======== SUPPLIED DATA

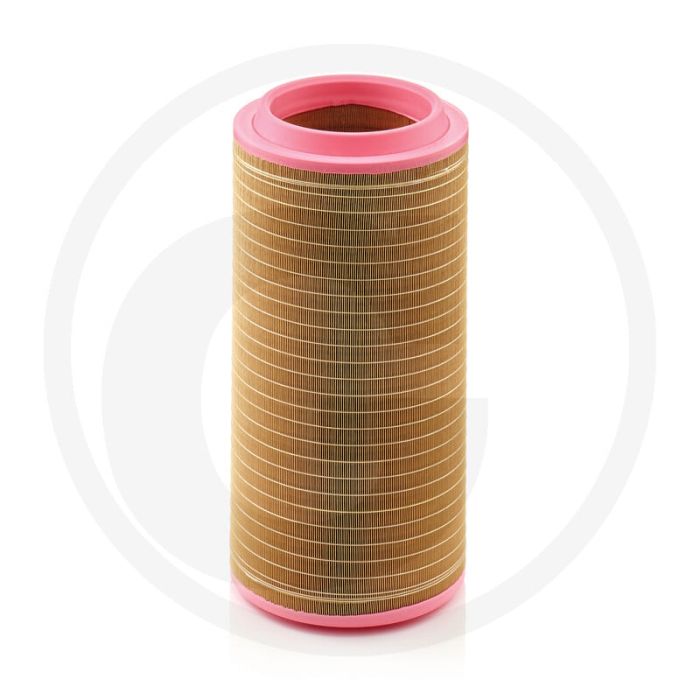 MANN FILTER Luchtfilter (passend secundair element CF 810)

================
======== SUPPLIED DATA

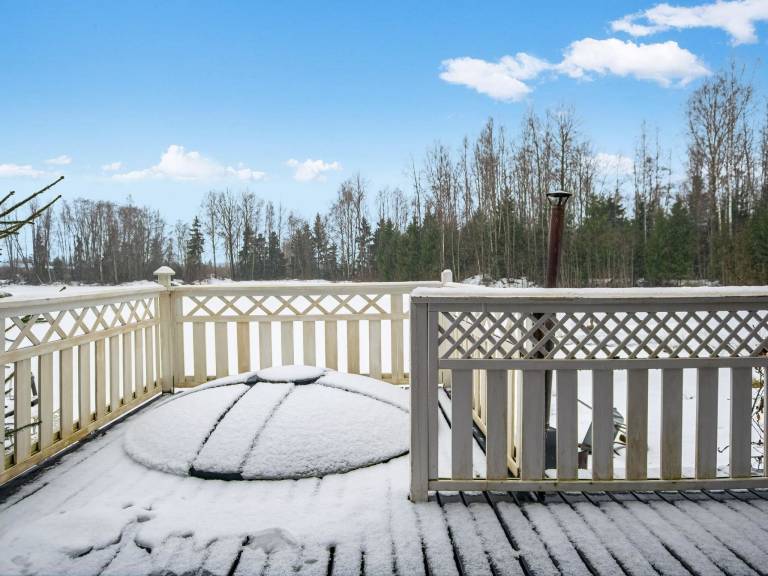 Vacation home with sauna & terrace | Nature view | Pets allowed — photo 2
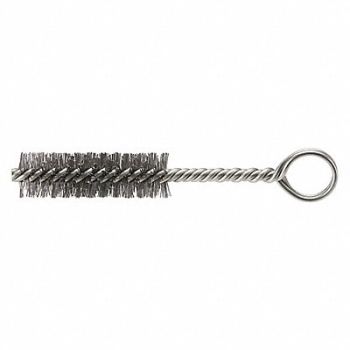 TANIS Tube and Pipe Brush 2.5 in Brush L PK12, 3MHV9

================

_ABOUT THIS EXERCISE:_ Reproduce exactly the lines of the data above that run from the line with "Vacation home with" down to the line with "TANIS Tube and", both ends included. Pictures do not belong in the copy.

_EXERCISE ANSWER:_
 Vacation home with sauna & terrace | Nature view | Pets allowed — photo 2
 TANIS Tube and Pipe Brush 2.5 in Brush L PK12, 3MHV9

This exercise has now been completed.